So are you suggesting we dump the big framworks? Should we opt to find a more 'true' OOP framework? Should we be creating our own? I'm not ashamed to say that I still struggle with certain aspects of OOP - I probably always will.

Do you have some code examples that you'd like to share (e.g. proc/func vs static)?

Diafol you put many issues at one question. As it sounds you agree with me that using static properties or methods where have no meaning just is bad OOP programming. I am not against statics at all . Statics have meaning in an application scope wide.

Your intuition is right (in my opinion) ... there is something wrong with those frameworks, but again we should define what a framework is. For some PHP programmers a framework is a program that they run through CLI and convert their code to an app. That for me is a code generator , and not a framework.

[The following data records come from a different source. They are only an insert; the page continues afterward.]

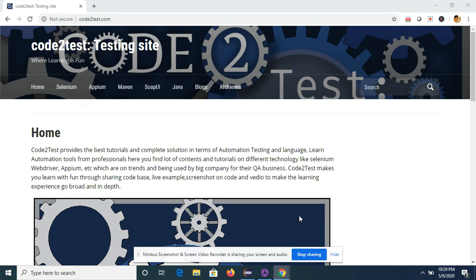Hi friends, welcome to my channel Code2Test. We also have a web application code2test.com where you can find different tutorials on automation testing tools like Selenium, APM, and many more. Coming to today's topic.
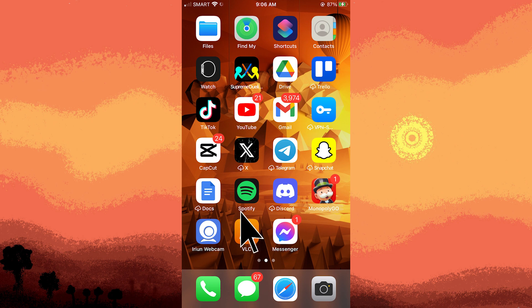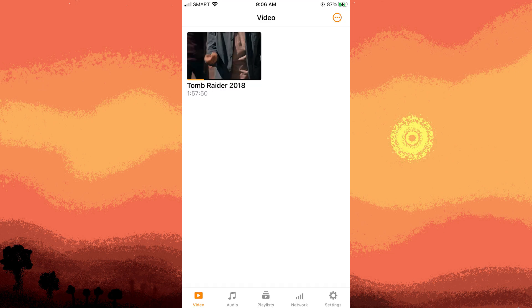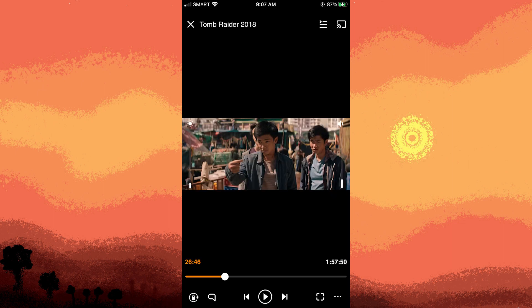Firstly, launch the VLC app on your iPhone. Start playing the video file for which you want to adjust the subtitle delay. While the video is playing, tap on the screen to reveal the playback controls.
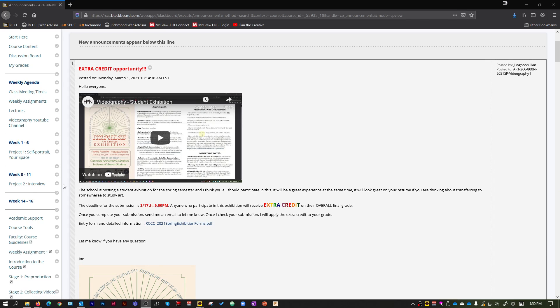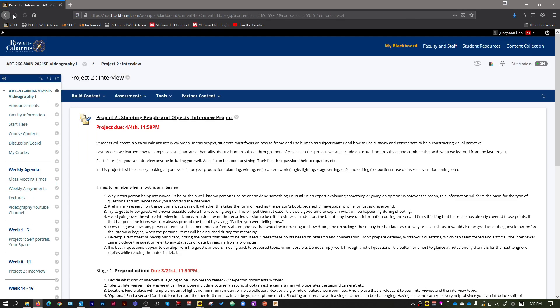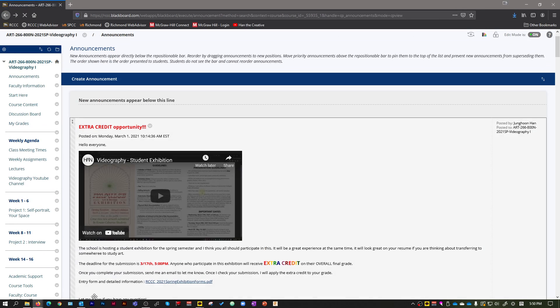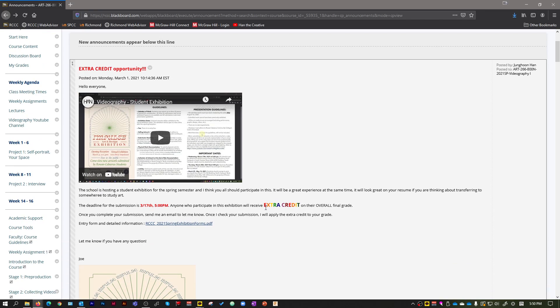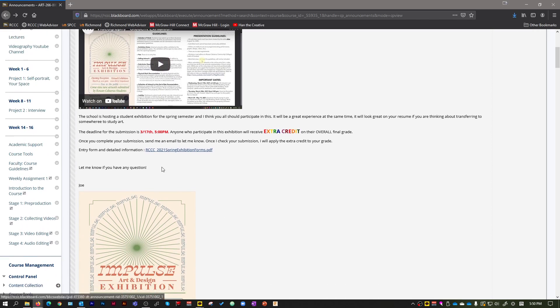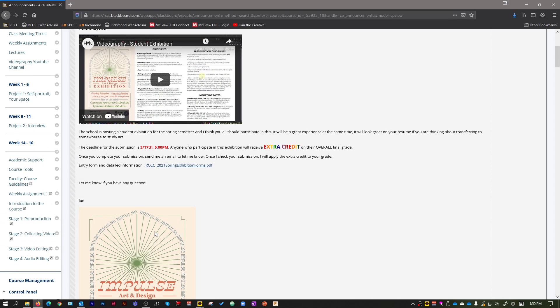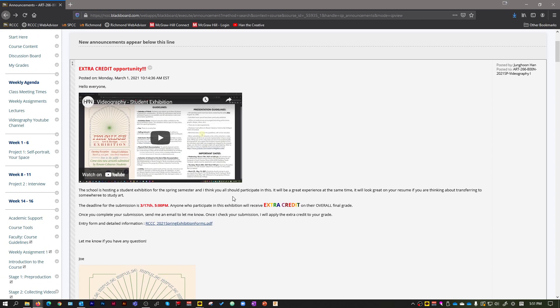So we're gonna get right into the project 2 this week. So if you click right here, and also if you have not submitted your work to the student exhibition, make sure to do that because it's going to be extra credit on your overall final grade, not just on the first project. So this is always good to do this and I feel like this is going to be a great experience for you as well. And it is something that you can put it on your resume as well. So make sure to do that.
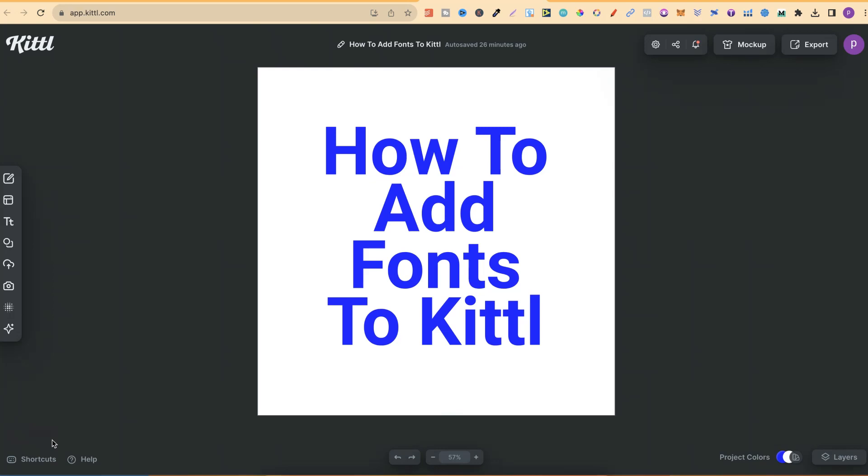In this tutorial I'm going to show you how to upload and add your own fonts here in Kittle. Now this is really easy to do.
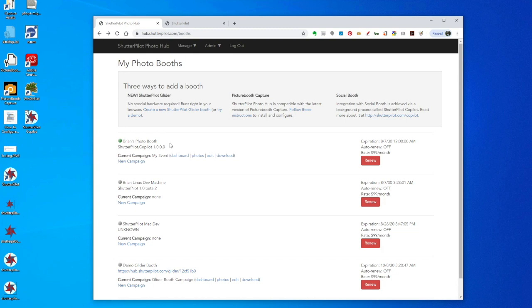Now at this point, I can use my existing photo booth software to communicate to PhotoHub by using CoPilot. I have a trial version of Social Booth installed on this booth.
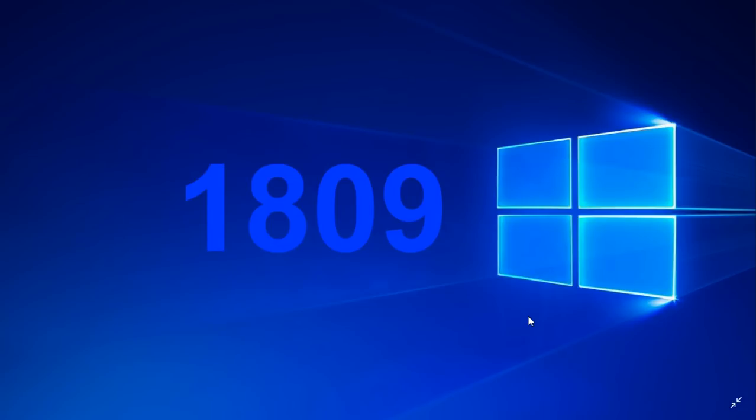It will possibly be launched October 2nd, which is Tuesday of next week. That means we're really close, and it's going to roll out by waves.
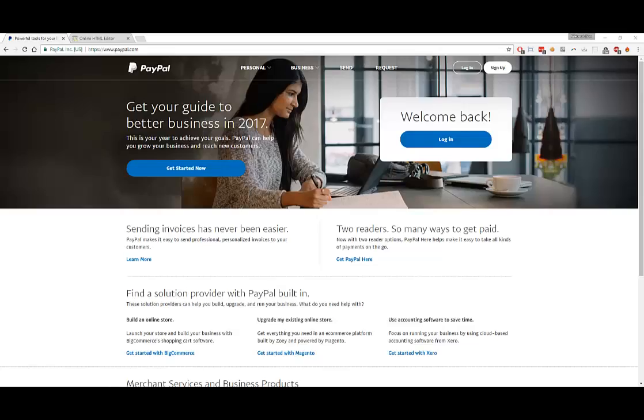In this video I want to show you how to easily add a PayPal payment button or a PayPal add to cart button on your own website.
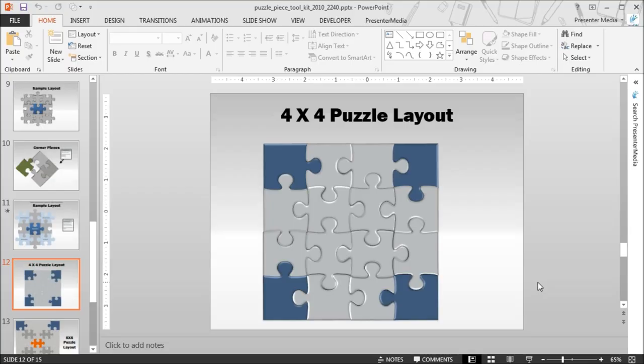Hello and welcome back to Presenter Media. My name is Kara. Today we're going to take a quick look at one of the things you can do to customize the puzzle piece toolkit to your needs.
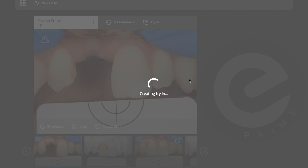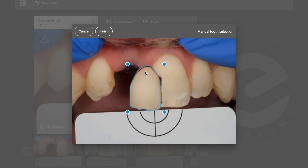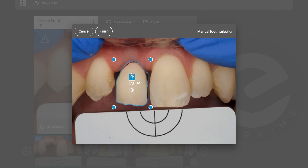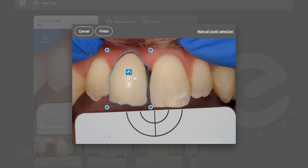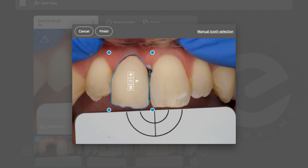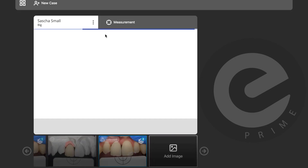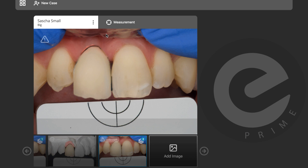I'll select this picture and create a digital try-in — very easy again. I'll take the tooth, make it a bit bigger, adjust and rotate it. Now I can see the difference in measurement. Even with your eyes you can see this area is much more similar to the natural tooth, and this area is much more similar as well. I'm completely happy now.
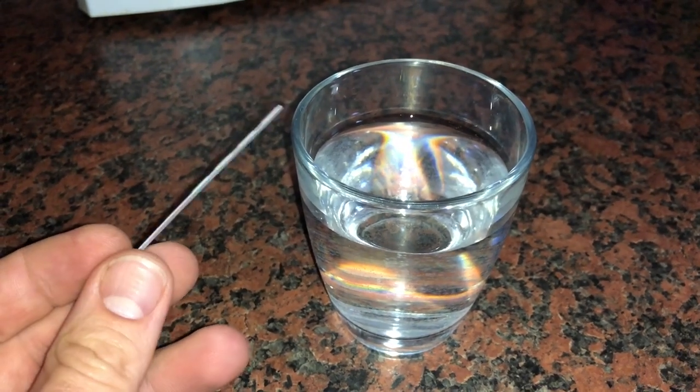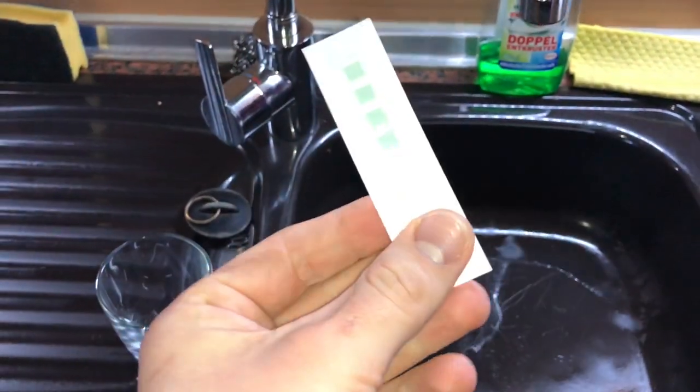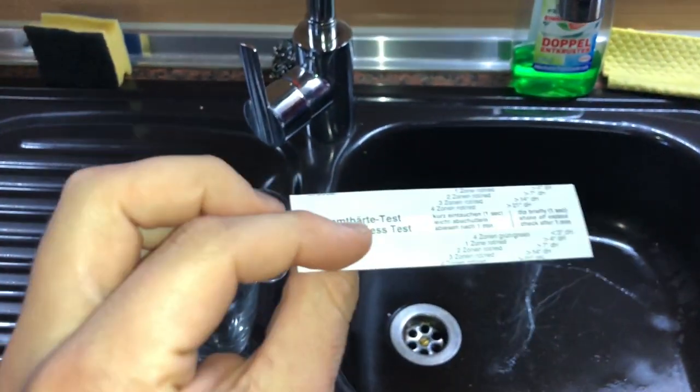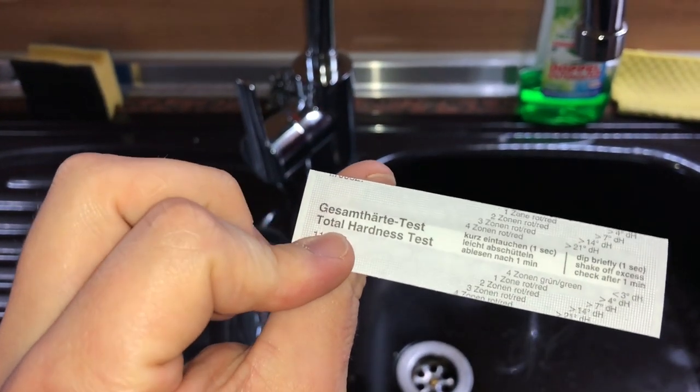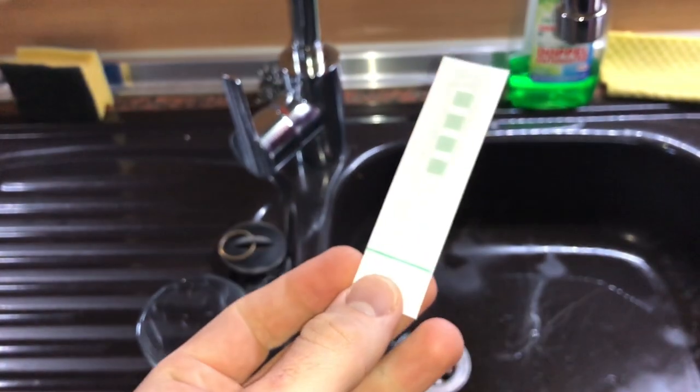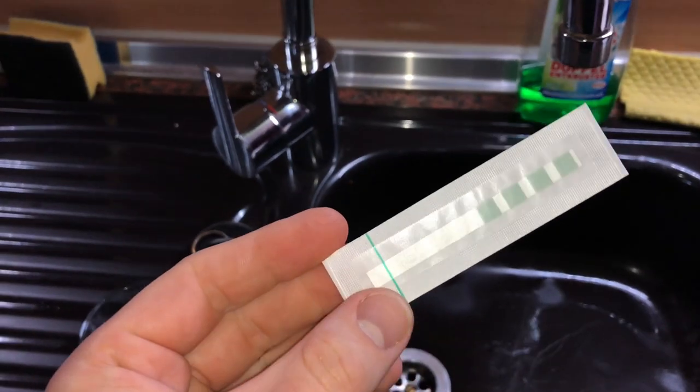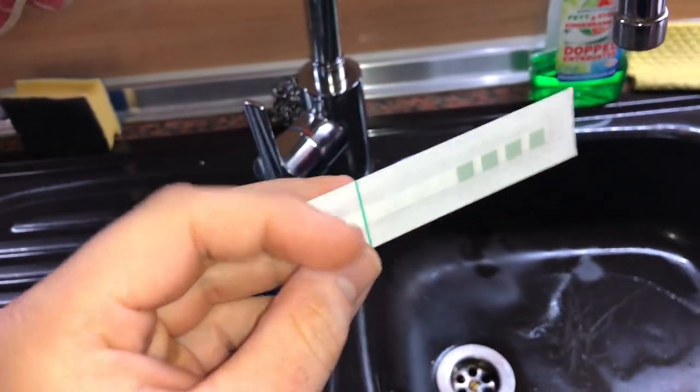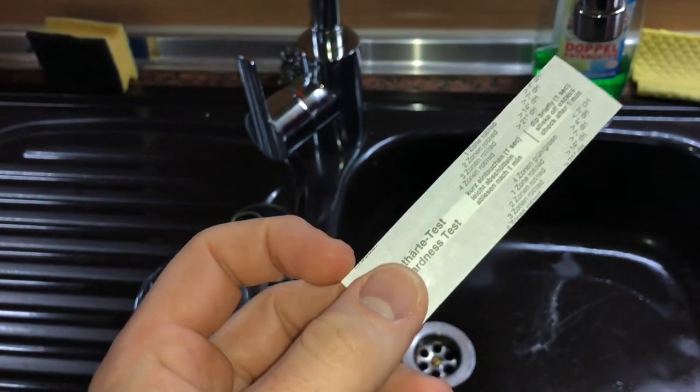There it is, the water stick in my hand. Remove the total hardness test out of the package because this is wrapped with some paper.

For some others they don't even write SQL statements , they don't have a model do their job , everything is done in the Controller side. So yes there is something terrible wrong with the thing that most PHP community embraced OOP.

YES ... we are writing code in an new framework called _Underscore for a couple of years now , BUT even when we release it in public we would not think that we are the 100% correct. To have such certainty indicates that is something really wrong about the core.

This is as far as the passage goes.